The OFC 2 Issuers have sole discretion regarding whether to commence construction of Phase II of any of the Jersey Valley, McGinness Hills and Tuscarora power plants. If a facility Phase II is undertaken for any of the power plants, the OFC 2 Issuers may issue Phase II tranches of Notes, comprised of one or more of Series C Notes, Series D Notes, Series E Notes and Series F Notes, to finance a portion of the construction costs of such Phase II of any facility. The aggregate principal amount of all Phase II Notes may not exceed $170.0 million.

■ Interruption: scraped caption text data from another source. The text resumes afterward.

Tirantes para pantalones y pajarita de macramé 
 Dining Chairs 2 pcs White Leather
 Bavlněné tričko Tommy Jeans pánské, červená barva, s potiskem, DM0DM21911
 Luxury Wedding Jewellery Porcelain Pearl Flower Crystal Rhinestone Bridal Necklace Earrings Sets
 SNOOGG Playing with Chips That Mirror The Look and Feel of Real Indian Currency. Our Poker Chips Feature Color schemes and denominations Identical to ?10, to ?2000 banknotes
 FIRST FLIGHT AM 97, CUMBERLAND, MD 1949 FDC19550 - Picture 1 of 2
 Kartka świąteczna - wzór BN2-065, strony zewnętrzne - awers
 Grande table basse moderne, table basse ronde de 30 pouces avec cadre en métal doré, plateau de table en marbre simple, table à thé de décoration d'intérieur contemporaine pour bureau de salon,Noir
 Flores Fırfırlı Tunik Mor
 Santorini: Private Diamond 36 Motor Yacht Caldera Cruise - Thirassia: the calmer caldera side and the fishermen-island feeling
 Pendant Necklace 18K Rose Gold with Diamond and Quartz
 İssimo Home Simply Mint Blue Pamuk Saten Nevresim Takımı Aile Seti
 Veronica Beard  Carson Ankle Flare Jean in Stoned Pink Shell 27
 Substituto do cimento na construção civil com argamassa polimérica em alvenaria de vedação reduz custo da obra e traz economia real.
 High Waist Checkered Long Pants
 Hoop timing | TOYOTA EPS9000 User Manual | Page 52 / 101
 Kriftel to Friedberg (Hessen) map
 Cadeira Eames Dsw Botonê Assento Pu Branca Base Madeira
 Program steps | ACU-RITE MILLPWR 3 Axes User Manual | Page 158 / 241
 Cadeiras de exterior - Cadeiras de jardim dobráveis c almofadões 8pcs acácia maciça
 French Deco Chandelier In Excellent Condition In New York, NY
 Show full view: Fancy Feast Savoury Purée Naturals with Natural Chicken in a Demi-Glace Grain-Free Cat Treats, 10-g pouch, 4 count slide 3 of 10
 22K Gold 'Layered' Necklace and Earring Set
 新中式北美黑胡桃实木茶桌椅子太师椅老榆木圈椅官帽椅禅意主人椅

The aggregate principal amount of each series of Notes comprising a Phase II tranche will be determined by the OFC 2 Issuers in their sole discretion provided that certain financial ratios are satisfied pursuant to the terms of the Note Purchase Agreement and subject to the aggregate limit noted above.

The OFC 2 Senior Secured Notes are collateralized by substantially all of the assets of OFC 2 and those of its wholly owned subsidiaries and are fully and unconditionally guaranteed by all of the wholly owned subsidiaries of OFC 2. There are various restrictive covenants under the OFC 2 Senior Secured Notes, which include limitations on additional indebtedness of OFC 2 and its wholly owned subsidiaries. Failure to comply with these and other covenants will, subject to customary cure rights, constitute an event of default by OFC 2. In addition, there are restrictions on the ability of OFC 2 to make distributions to its shareholders. Among other things, the distribution restrictions include a quarterly DSCR requirement of at least 1.2 (on a blended basis for all of the OFC 2 power plants) and 1.5 on a pro forma basis (giving effect to the distributions). As of December 31, 2012 (the last measurement date of the covenants), the actual DSCR for the fourth quarter of 2012 was 2.69 and the pro-forma 12-month DSCR was 2.13.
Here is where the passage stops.